Eksperimen yang paling terkenal, yang dilakukan pada tahun 1961, berlangsung di Yale University. Milgram terinspirasi oleh proses pengadilan di Nuremberg, di mana beberapa pelaku kejahatan perang membela diri dengan menyatakan bahwa mereka hanya mengikuti perintah. Dalam eksperimen ini, peserta diminta untuk memberikan kejutan listrik kepada "siswa" (yang sebenarnya adalah aktor) setiap kali siswa menjawab pertanyaan dengan salah. Meskipun banyak peserta menunjukkan ketidaknyamanan dan kekhawatiran, sebagian besar tetap melanjutkan memberikan kejutan hingga tingkat yang sangat berbahaya. Melalui eksperimen ini, Milgram mengungkapkan aspek mendalam dari perilaku manusia, menunjukkan bahwa banyak orang akan mengabaikan insting moral mereka jika diperintahkan oleh figur otoritas. Temuan ini membuka diskusi penting tentang etika, moralitas, dan sifat manusia dalam konteks kekuasaan.
B. Implikasi dan kepatuhan
1. kepatuhan dan Moralitas
Eksperimen Milgram menunjukkan dengan jelas bahwa individu sering kali mematuhi perintah otoritas meskipun perintah tersebut bertentangan dengan nilai moral dan etika mereka. Banyak peserta menganggap bahwa mereka hanya menjalankan tugas dan tidak bertanggung jawab atas konsekuensi dari tindakan mereka. Beberapa faktor yang mempengaruhi kepatuhan ini antara lain:
- Otoritas yang Terlihat: Kehadiran peneliti yang berperan sebagai otoritas menambah legitimasi terhadap perintah yang diberikan. Peserta merasa tertekan untuk mematuhi, bahkan saat mereka merasa tidak nyaman.
- Pemindahan Tanggung Jawab: Peserta cenderung merasa bahwa tanggung jawab atas tindakan mereka dialihkan kepada otoritas yang memerintahkan mereka, sehingga mengurangi rasa bersalah.
- Konformitas Sosial: Dalam situasi kelompok, orang lebih mungkin mengikuti norma kelompok, yang dalam hal ini adalah mematuhi perintah otoritas.
Temuan ini memiliki implikasi luas, terutama dalam konteks situasi berbahaya atau ekstrem, seperti dalam konteks militer atau organisasi di mana perintah bisa menyebabkan tindakan tidak etis.
2. Fenomena Kognitif
Salah satu konsep kunci yang muncul dari eksperimen ini adalah disonansi kognitif, yang merujuk pada ketidaknyamanan mental yang dialami individu ketika mereka memiliki dua keyakinan yang bertentangan atau ketika perilaku mereka tidak sesuai dengan nilai-nilai pribadi mereka.
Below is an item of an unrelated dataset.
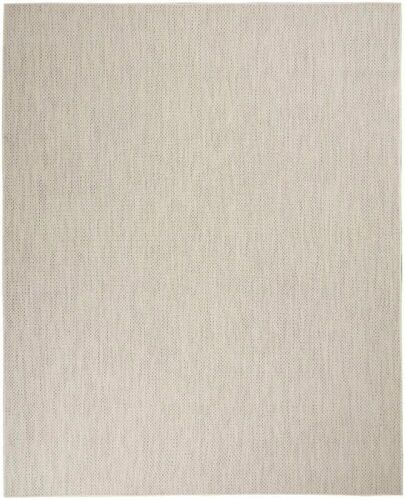 Courtyard Ivory/Silver Outdoor Area Rug, 5' x 7' - Lot 837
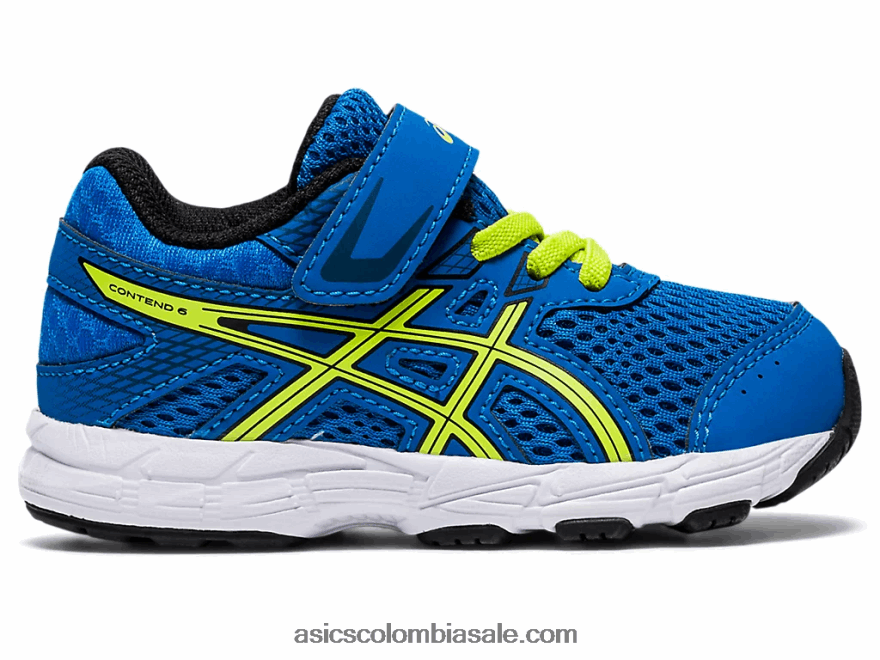 niños Asics competir 6 tamaño del niño directorio azul/ralladura de lima 20X82N4562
Dalam konteks eksperimen Milgram:
- Rasionalisasi Perilaku: Banyak peserta yang mengalami disonansi kognitif mencari cara untuk menjelaskan atau membenarkan tindakan mereka. Mereka mungkin beralasan bahwa eksperimen itu penting untuk penelitian ilmiah, atau bahwa mereka tidak memiliki pilihan lain selain mematuhi perintah.
- Pengurangan Ketidaknyamanan: Untuk mengurangi ketidaknyamanan, peserta dapat mengubah pandangan mereka tentang tindakan yang mereka lakukan, dengan menganggap bahwa hukuman tersebut tidak menyebabkan kerusakan serius, meskipun sebenarnya mereka meragukannya.
C. Kontroversi dan Etika
Eksperimen Milgram menuai kritik yang signifikan dari berbagai kalangan, terutama terkait etika penelitian. Beberapa tantangan etis yang dihadapi meliputi:
- Dampak Psikologis pada Peserta: Banyak peserta mengalami stres emosional yang intens, kebingungan, dan rasa bersalah setelah menyadari bahwa mereka telah bersedia menyakiti orang lain. Beberapa peserta bahkan menangis dan tampak sangat terguncang selama eksperimen.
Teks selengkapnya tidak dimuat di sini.